Now, if I were to put the theology of Trinity Church in one of these categories, it would definitely get slotted into that last one, the post-Modern ‘God is Everywhere’ theology. It’s a generalization, but go with me. But in the world around us swirls streams and wisps and entire fogged in areas of different understandings of the subject. There is the prevalent pre-modern ‘my way or the highway’ theology in which if you are not in, you are out, if you are not with us, you’re against us, and if you cannot profess your undying devotion to Jesus you are in for an eternity of waterboarding, but with flames.
Even more popular than this is the Modern view that God is besides the point. People subscribing to this view can still lead ethical lives, and have their Sunday mornings free.

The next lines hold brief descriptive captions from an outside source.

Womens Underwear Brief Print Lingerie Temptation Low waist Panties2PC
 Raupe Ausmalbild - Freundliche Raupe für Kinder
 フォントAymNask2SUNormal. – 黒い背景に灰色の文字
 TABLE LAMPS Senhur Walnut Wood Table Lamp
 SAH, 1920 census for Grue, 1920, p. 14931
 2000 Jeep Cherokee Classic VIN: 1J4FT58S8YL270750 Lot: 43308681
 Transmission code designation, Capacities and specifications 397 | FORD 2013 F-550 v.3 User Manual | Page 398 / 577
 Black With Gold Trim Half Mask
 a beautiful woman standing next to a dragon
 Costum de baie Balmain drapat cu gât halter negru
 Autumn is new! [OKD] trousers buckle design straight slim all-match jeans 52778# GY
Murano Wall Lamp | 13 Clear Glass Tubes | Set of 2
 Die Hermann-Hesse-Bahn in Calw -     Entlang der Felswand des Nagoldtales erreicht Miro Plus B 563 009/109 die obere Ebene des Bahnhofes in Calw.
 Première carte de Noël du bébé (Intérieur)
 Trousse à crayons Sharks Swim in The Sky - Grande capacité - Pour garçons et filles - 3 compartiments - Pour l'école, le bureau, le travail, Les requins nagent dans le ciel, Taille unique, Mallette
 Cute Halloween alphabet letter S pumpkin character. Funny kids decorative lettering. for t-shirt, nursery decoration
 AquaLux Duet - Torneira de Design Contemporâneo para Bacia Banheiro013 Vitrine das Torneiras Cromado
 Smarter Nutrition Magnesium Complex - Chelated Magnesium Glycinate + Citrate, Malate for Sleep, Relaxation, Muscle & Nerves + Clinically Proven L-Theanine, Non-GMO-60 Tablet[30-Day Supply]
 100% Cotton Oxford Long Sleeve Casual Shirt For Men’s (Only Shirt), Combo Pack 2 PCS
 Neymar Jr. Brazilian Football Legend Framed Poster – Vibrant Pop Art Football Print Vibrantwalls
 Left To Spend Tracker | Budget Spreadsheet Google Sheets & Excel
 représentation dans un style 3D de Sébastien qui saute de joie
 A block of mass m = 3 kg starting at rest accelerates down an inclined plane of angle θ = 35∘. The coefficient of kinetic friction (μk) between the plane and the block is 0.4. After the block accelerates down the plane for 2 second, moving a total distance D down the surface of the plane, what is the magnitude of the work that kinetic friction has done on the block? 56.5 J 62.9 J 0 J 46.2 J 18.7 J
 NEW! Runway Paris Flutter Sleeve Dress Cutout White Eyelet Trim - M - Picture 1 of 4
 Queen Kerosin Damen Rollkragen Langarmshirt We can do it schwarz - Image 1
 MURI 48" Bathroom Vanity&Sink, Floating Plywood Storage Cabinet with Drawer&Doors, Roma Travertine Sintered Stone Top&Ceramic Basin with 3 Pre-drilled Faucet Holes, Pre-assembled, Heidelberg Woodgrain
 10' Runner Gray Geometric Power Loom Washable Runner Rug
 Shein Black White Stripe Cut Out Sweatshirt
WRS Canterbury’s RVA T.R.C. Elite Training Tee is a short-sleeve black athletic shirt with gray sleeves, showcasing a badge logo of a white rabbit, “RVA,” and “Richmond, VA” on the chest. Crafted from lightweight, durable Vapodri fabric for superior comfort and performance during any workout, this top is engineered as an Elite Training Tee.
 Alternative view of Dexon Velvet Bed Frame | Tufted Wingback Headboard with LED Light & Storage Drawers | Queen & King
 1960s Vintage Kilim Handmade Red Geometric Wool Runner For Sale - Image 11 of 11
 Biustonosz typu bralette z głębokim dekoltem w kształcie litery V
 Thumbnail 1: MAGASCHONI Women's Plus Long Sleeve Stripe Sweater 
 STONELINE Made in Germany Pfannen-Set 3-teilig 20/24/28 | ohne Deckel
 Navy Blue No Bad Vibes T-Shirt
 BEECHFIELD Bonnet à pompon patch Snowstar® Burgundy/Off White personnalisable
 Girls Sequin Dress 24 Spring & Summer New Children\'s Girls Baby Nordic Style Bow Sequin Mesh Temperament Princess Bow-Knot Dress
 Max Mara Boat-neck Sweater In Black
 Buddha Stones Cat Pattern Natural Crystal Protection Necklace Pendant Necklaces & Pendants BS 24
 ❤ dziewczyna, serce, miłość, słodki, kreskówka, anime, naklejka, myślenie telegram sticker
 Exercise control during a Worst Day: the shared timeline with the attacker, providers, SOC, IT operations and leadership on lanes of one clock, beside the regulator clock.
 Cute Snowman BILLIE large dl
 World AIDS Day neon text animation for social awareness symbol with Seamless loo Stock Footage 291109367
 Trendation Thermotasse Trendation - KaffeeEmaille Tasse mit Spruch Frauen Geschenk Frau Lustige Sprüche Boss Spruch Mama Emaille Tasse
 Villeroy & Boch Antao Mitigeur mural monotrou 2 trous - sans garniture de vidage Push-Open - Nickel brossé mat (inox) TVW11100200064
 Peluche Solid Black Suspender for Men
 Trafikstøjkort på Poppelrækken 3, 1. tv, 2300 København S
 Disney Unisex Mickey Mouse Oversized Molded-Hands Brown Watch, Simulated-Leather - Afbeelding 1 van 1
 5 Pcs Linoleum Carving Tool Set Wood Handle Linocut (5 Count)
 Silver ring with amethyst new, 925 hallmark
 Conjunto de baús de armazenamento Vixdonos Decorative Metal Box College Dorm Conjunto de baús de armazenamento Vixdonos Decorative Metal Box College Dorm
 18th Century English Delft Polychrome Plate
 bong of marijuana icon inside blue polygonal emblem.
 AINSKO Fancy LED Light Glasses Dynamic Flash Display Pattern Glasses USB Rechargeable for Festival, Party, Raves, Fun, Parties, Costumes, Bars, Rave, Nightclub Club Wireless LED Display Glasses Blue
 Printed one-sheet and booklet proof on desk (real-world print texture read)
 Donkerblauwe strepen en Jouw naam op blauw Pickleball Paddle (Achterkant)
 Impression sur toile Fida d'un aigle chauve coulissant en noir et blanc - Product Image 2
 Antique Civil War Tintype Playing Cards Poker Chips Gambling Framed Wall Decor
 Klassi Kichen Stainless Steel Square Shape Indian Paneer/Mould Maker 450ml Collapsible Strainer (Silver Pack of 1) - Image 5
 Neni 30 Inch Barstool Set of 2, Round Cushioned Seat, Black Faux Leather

And then, swirling around these two is the ‘God is Everywhere’ argument – or perhaps better to say, the ‘God is Everywhere’ experience of life. It’s this experience of life that we all have, but not all of us label it ‘God’. That experience I’m talking about is one that every single person here has had before – the moment that something beautiful took your breath away. The moment you came home, or to work, or to a friend’s house, or your favorite coffee shop or park, the moment you arrived, and sighed, and felt deep in your bones that it was good to be there. Those moments that are pleasant or satisfying where you can be totally present and not entirely certain if two minutes or twenty have passed, without looking at a clock. These – among so many others – little blips and longer durations, are experiences, encounters with the God that is Everywhere, in everyone, in everything. …Or, at least, they are if you’re operating under this post-Modern way of thinking and being.
Which brings me back to my little technological widget.
If God is Everywhere, why bother with church? Why bother with gathering people, with building community together?
Because God is everywhere. Mostly we don’t notice. Mostly we all – you, me, all of us – mostly we go through our day completely unaware that God surrounds us on every side. And every now and then – maybe more often, maybe less – there are little tears in the imaginary fabric that wraps us up like mummies, dulling our senses and keeping us blind. There are little tears, and the sensation, the experience of God floods through.
And maybe we’d never in a million years describe it like this, using the word ‘God’, maybe we’d call it joy, or love, or seriously profound peace. Maybe we’d call it enthusiasm. We can call it whatever we want. ‘A rose by any other name would smell as sweet.’
But here’s the kicker. God, by whatever name you care you to use, is something we have all had an experience of. Several experiences of. And those experiences – true, real, and profound – can help to shape our lives for the better. Better people, living with a greater degree of integrity, and helping to craft and shape a better world. And it is hard to do that alone. And so, we gather as a community with our common purpose to live lives of integrity right here in our own back yard, to seek the God who still honors promises made, never abandons, and bids us only do what is right, and merciful, and good, and to do these things together, knowing that it is a far more difficult slog to try to do them alone.
And this little technological widget – it’s just one more way to communicate, to build community. It’s just one more way for us to know that we’re not in this alone.